All lines in the listing below from the one containing "2025夏季新款小雏菊连帽半拉链设计感上衣女宽松百搭短款T恤女潮" through the last should be written out exactly, and only those.

» **Data excerpt**:
++++++++++

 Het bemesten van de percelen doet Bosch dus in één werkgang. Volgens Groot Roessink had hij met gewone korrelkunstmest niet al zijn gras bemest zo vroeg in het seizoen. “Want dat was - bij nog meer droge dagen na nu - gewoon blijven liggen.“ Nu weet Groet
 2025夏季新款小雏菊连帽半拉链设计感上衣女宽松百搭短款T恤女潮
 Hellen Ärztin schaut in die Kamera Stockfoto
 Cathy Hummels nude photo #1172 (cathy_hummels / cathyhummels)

++++++++++

» **Response to this exercise**:
 2025夏季新款小雏菊连帽半拉链设计感上衣女宽松百搭短款T恤女潮
 Hellen Ärztin schaut in die Kamera Stockfoto
 Cathy Hummels nude photo #1172 (cathy_hummels / cathyhummels)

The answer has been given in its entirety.